## EXTRACTED RECORDS
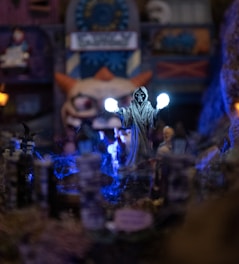 A mysterious figure clad in a dark hooded robe holds two glowing orbs, surrounded by a dimly lit, eerie setting with bluish lights and a spooky background featuring unusual structures.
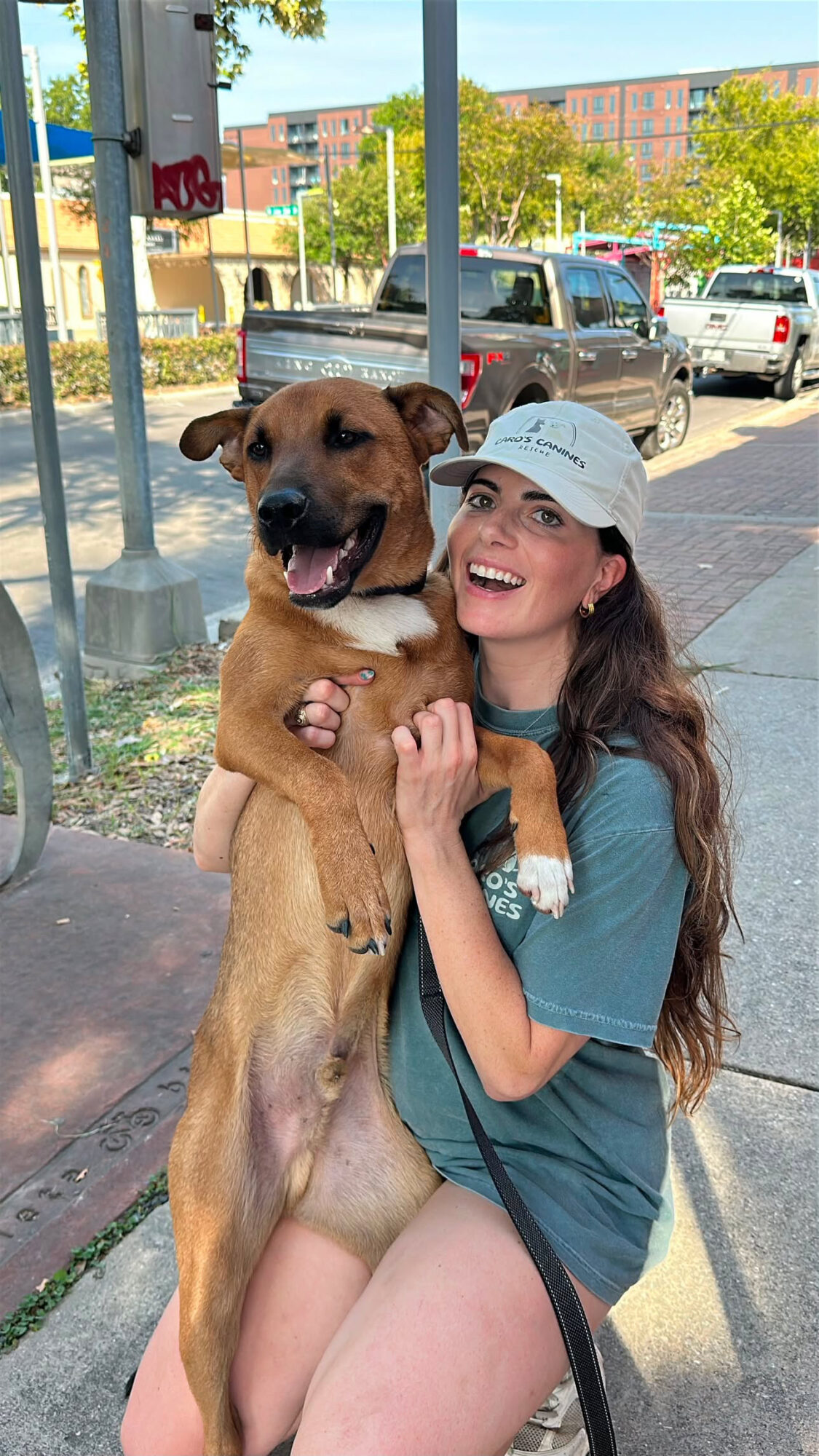 Young woman with long hair, wearing a cap and teal shirt, hugging a large brown dog outdoors on a sidewalk.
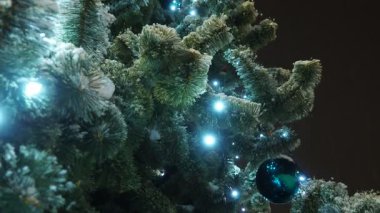 Noel ağacı ampuller ve çelenklerle parlar. Süslü Noel ağacı, Noel baloları. Kasaba meydanı şenlikli bir gecede. Şehirdeki aydınlanma. Kış havası. Yüksek kalite 4k görüntü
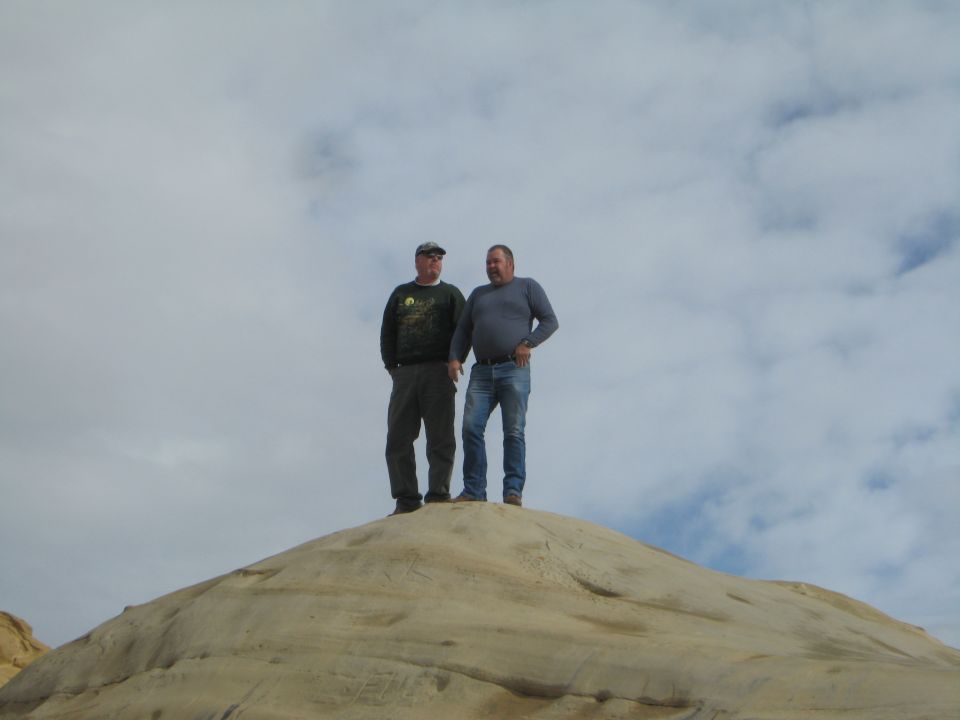 Two men standing on a rock formation.
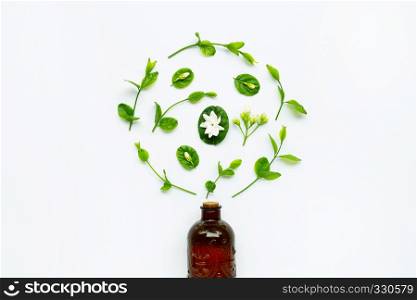 Bottle of essential oil with jasmine flower and leaves on white background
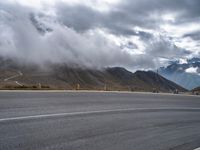 an asphalt road next to a mountain in the clouds with a motorcycle and mountain range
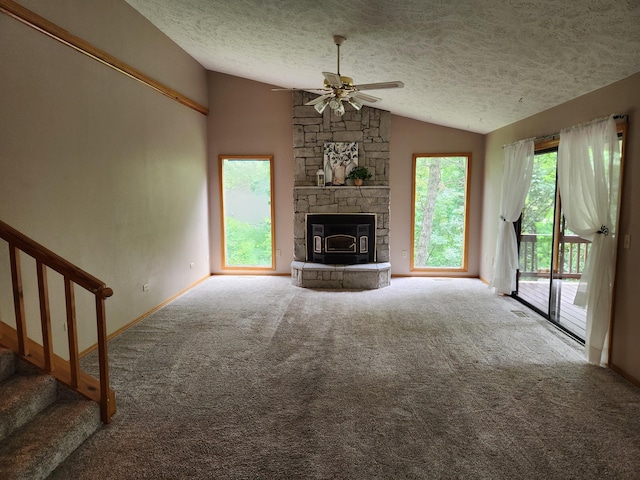 29039 Nottinghill Dr, Shell Knob, MO 65747 - unfurnished living room featuring vaulted ceiling, a ceiling fan, carpet, a textured ceiling, and stairway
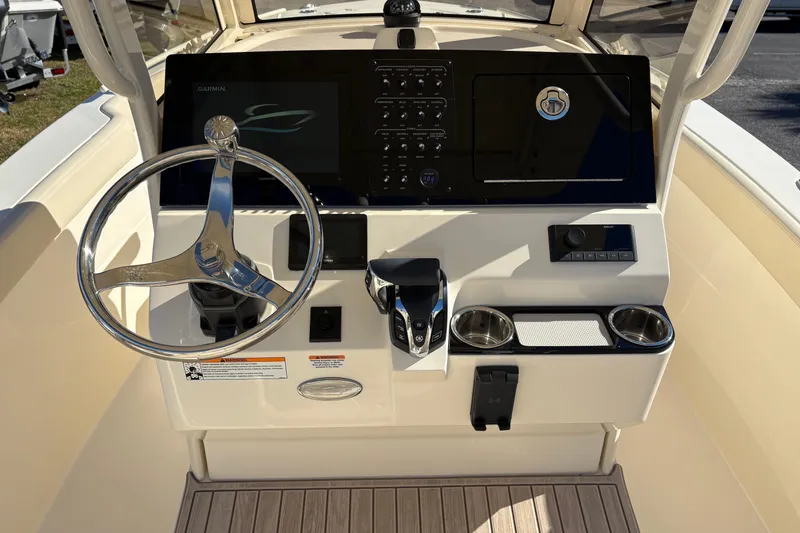 Slide: The Image of 2026 Scout 240 XSF boat dashboard with steering wheel and control panel. - 19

## WHAT NEEDS TO BE DONE
Return, exactly as they stand, the lines from the opening line of the listing through the line with "Bottle of essential", both ends counted, and no pictures.

## PROBLEM SOLUTION
 A mysterious figure clad in a dark hooded robe holds two glowing orbs, surrounded by a dimly lit, eerie setting with bluish lights and a spooky background featuring unusual structures.
 Young woman with long hair, wearing a cap and teal shirt, hugging a large brown dog outdoors on a sidewalk.
 Noel ağacı ampuller ve çelenklerle parlar. Süslü Noel ağacı, Noel baloları. Kasaba meydanı şenlikli bir gecede. Şehirdeki aydınlanma. Kış havası. Yüksek kalite 4k görüntü
 Two men standing on a rock formation.
 Bottle of essential oil with jasmine flower and leaves on white background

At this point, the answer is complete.